The answer was…another View. I needed a per-Skill place to collect and consolidate the existing modifications, and what I realized was I already had that in the form of pages in my vault dedicated to their explanation in general. They were even in their own folder already, so all I had to do was create a new view and filter in that folder’s contents (and filter out any non-.md extension files)

file.folder == "Sidera/Dungeons & Dragons/Rules & Mechanics/Skills"

That gave me the Skill list I needed to search through, but made it accessible for .filter(value)

this.formula["Skills Compiled"].filter(value.contains(file.name))

This gave me the proof of concept I needed for mixing “file” specific properties with this and I expanded it to the following to remove the Skill name text from the Skills Compiled list item split(" | ")1 & slice(-1), remove duplicate entries unique() and then put the remainder into one string join(). The list() wrapping everything is important.

list(this.formula["Skills Compiled"].filter(value.contains(file.name)).map(value.split(" | ").slice(-1)).unique().join(" "))
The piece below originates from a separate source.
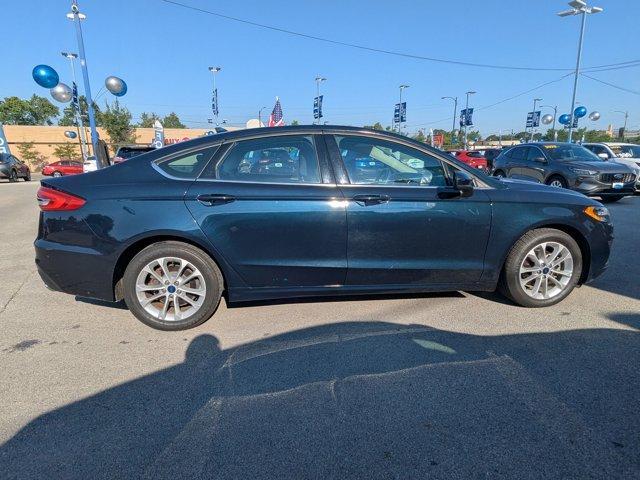 used 2020 Ford Fusion car, priced at $16,997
From that single per-skill string, I needed to do 3 things: add the Skill’s Ability score bonus (another formula calculated off raw stat properties; the chain of if() conditionals), evaluate the entry for whether it contained “Proficiency” or “Expertise” (and choose the higher bonus value of the two in the event both are detected; that’s the funky reduce() function and I’ll admit I pasted it in from the function documentation without fully understanding how it would work…but it does so yay!), and lastly it needed to handle what to do in the event of ADV & DIS being present at the same time (neutralize).
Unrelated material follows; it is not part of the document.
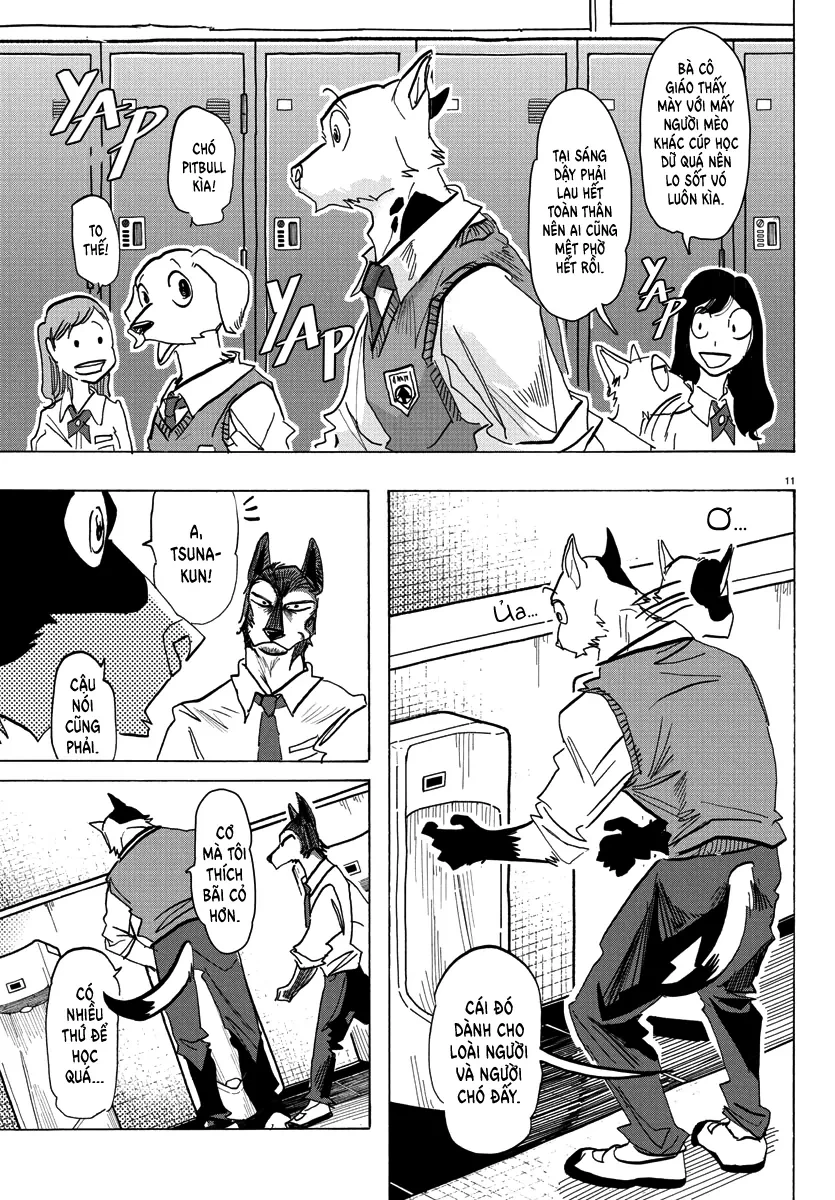 Lý Trí Của Taika Chapter 3 - 10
Add in some display dressing with additional links to file properties, displaying ability scores based on an “Abilities” property on those pages, totaling the numerical bonuses and adding the (DIS/ADV) situation where applicable and you get…

list(this.formula["Skills Compiled"].filter(value.contains(file.name)).map(value.split(" | ").slice(-1)).unique().join(" ")).map([[link(file.name)]+["("+file.properties.Ability+") | "]+[if(file.properties.Ability=="STR",this.formula["STR Mod"],if(file.properties.Ability=="DEX",this.formula["DEX Mod"],if(file.properties.Ability=="CON",this.formula["CON Mod"],if(file.properties.Ability=="INT",this.formula["INT Mod"],if(file.properties.Ability=="WIS",this.formula["WIS Mod"],if(file.properties.Ability=="CHA",this.formula["CHA Mod"]))))))+ [if(value.contains("Expertise"),this.formula["Proficiency Bonus"]*2),if(value.contains("Proficiency"),this.formula["Proficiency Bonus"],0)].reduce(if(acc == null || value > acc, value, acc), null)].map(if(value>-1,"+"+value,value))+ [if(value.contains("ADV")&&value.contains("DIS"),"",if(value.contains("ADV")&&!value.contains("DIS"),"(ADV)",if(value.contains("DIS")&&!value.contains("ADV"),"(DIS)")))]])

I’ve kept the scale low while I test so the list is incomplete for now, but this’ll all populate dynamically as I add the remaining pages.

Thanks for the brainpower & chance to make myself think differently by having to articulate the problem!

And uh… tl;dr follow your dreams! coding is hard but not impossible!